Old-school games, old-school T&A
The Story So Far...
Jeff Bailey (Scott McGinnis) is running his grandfather's popular arcade, with help from fat reprobate Dorfus (Jack Black/John Belushi hybrid Jim Greenleaf) and nerdy new hire Eugene (Leif Green), when he runs afoul of local businessman Joseph Rutter (Walking Tall's Joe Don Baker.) The problem is, his daughter Patsy (Corinne Bohrer) spends too much time there, hanging with the wrong element. Thus, he decides to get the place shut down through any nefarious plans possible. There may be some other reason for his quest (normally they involve some sort of land grab) but it may have just been the general fear that video games strike into the heart of the elderly. Either way, Jeff is soon trying to stop the efforts of Rutter's moronic nephews and the stereotypically punk King Vidiot (Jonathan Gries) in order to preserve their beloved arcade.
Along the way, when they aren't forcing the requisite boob shots in for no real reason (like an over-enthusiastic round of strip video games), the three (THREE!) writers work in a subplot about why Jeff doesn't play the video games he manages, a cliche story about Jeff's rival's amorous spouse, and some rather ridiculous montages, like any good '80s film. Ridiculous is a good word to use in describing this film, as it just gets silly way too often. The behavior of Vidiot and his all-female gang is like something out of a Tim and Eric sketch, with nothing more ludicrous than when they are provided with "wheels" by Rutter. I love Gries as Lazlo Hollyfeld in Real Genius, but he's so over the top in this film, he's either awful or avant garde. It's actually hard to decide.
Bohrer, who most people recognize, if not adore from an array of '80s roles, brings one of the most obnoxious examples of the Valley Girl accent captured on film to the table, which, at the very least, makes for a memorable performance. (By the way, where did the Valley Girl accent go? It's basically disappeared from our civilization.) If anyone's performance is less than hoped for, and most acquit themselves well, it wouldn't be hard to place the blame on the script, which only offers up a few amusing exchanges (one scene between Baker and Gries that's actually quite funny, was ad-libbed.) It's mostly the B-grade exposition and reaction you'd expect. The bigger sin is in not knowing when to say when, as scenes dragged on, robbing them of humor, especially during the film's climax, which goes on forever. Considering the film only clocks in at 90 minutes, that points to excessive filler, and sadly, it rarely involved breasts.
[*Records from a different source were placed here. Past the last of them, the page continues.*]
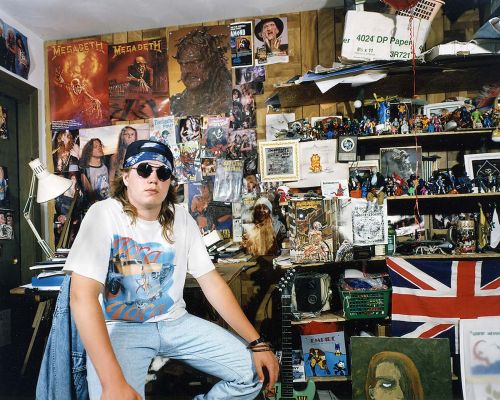 Как жили американские тинейджеры 90-х: фотопроект In My Room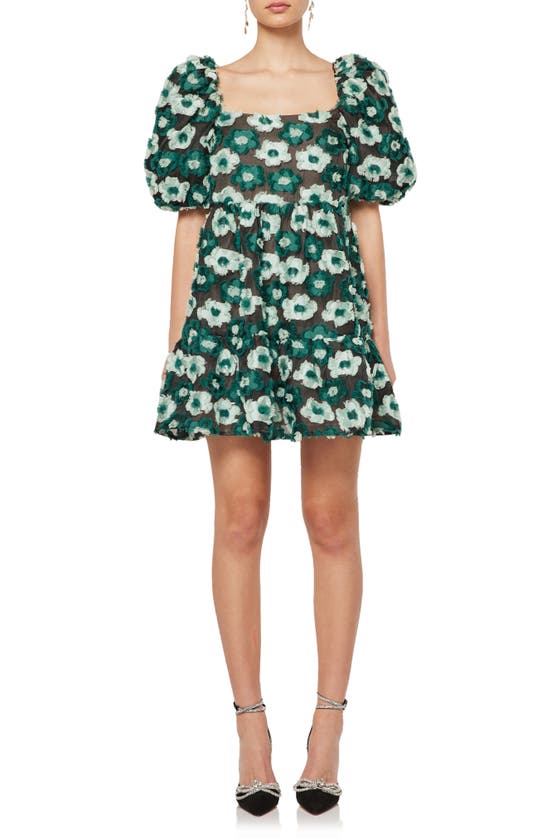 Elliatt June Puff Sleve Mini Dress main image 1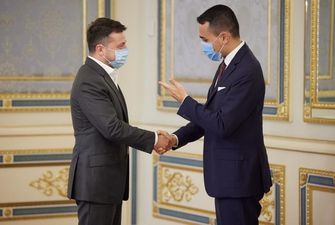 Зеленский провел переговоры с главой МИД Италии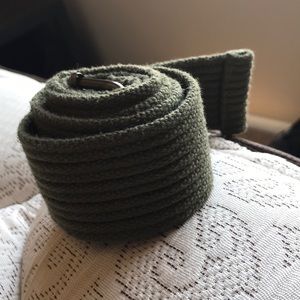 Green One Size Fits All Belt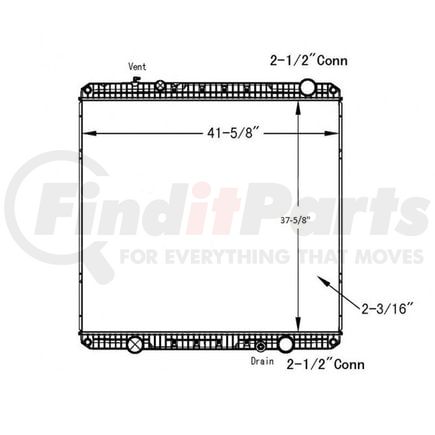 42-10494 by REACH COOLING - Radiator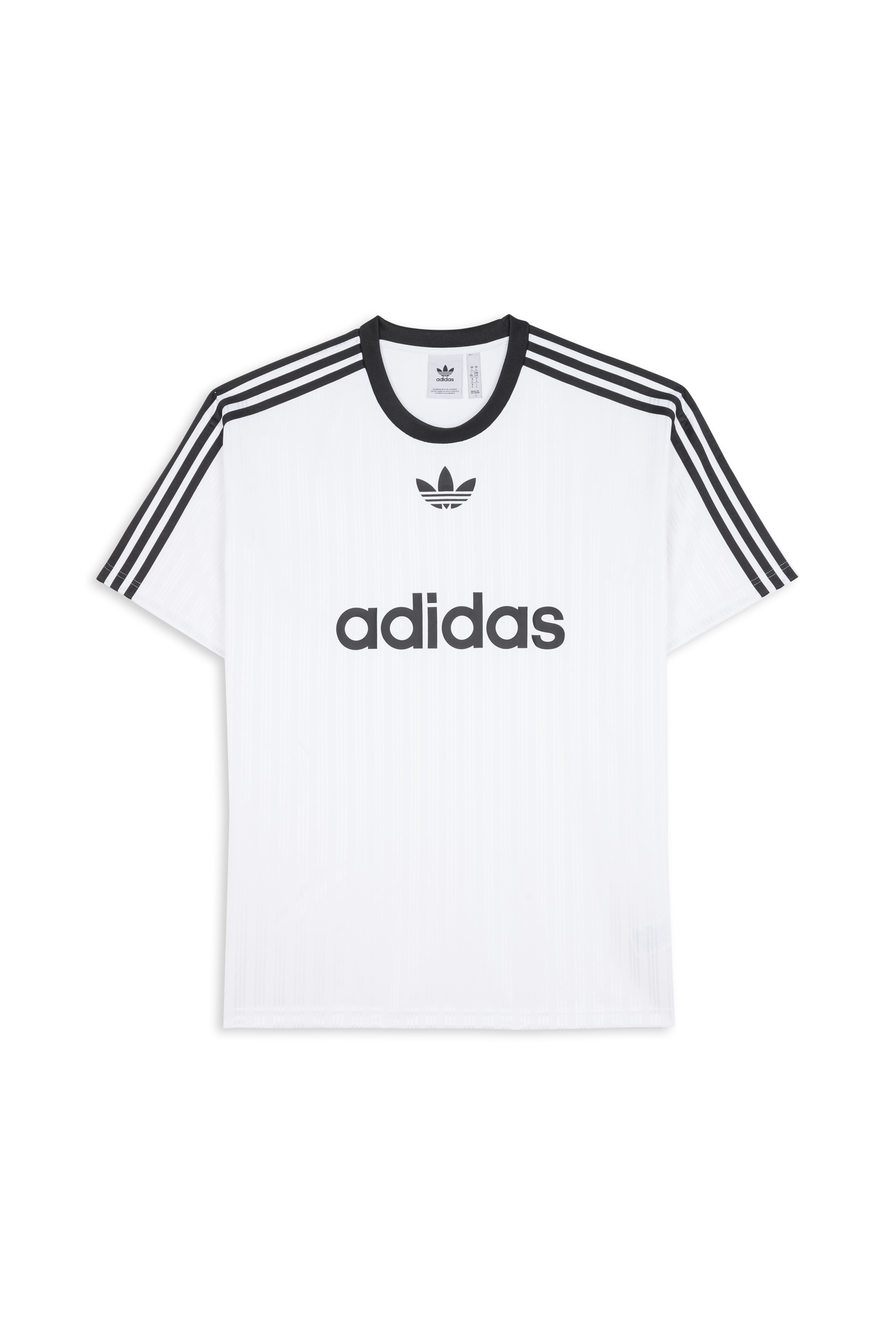 ADIDAS T-shirt  ADICOLOR POLY T Blanc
The anamorphic widescreen transfer looks good for its age, but you're getting a soft image lacking in fine detail and black levels that rarely even touch black. Overall, the image is cleaner and more colorful than expected for a film of this age and budget. Though the image is mostly quite nice, when things go bad, they go very bad, as certain shots in scenes seem to taken from another source entirely, as they have much more dirt and almost an entirely different hue, looking as if it was shot through a greenish-red filter. On the plus side, comparing the the trailer and the film shows how bad it could have looked.
The Dolby Digital 2.0 track does its job, but don't expect to be impressed, as it's just a simple center-balanced presentation that keeps the dialogue mostly clear, though it lacks a lot of separation from the music and sound effects (to the point where one Valley Girl rant by Bohrer was basically just gibberish.) Sadly, there are no issues of clarity with the godawful theme song, which presents the lyrics "totally awesome video game" free of any irony.
There's more from Clark in a 17:38 interview, where he talks a bit about the film's popularity and financial problems, as well as how he's financed his films. This one is more about Clark, covering his post Joysticks-career and the famous people he's worked with over the years. The financing info is probably the most interesting part, as it gives a look inside how indie films get made.
The remaining extra is the film's original theatrical trailer, which is in really rough shape. However, if a modern studio film released a trailer like this, I would line-up first day to reward the audacity. There are a few additional trailers from Scorpion Releasing for films that seem to be worth a look.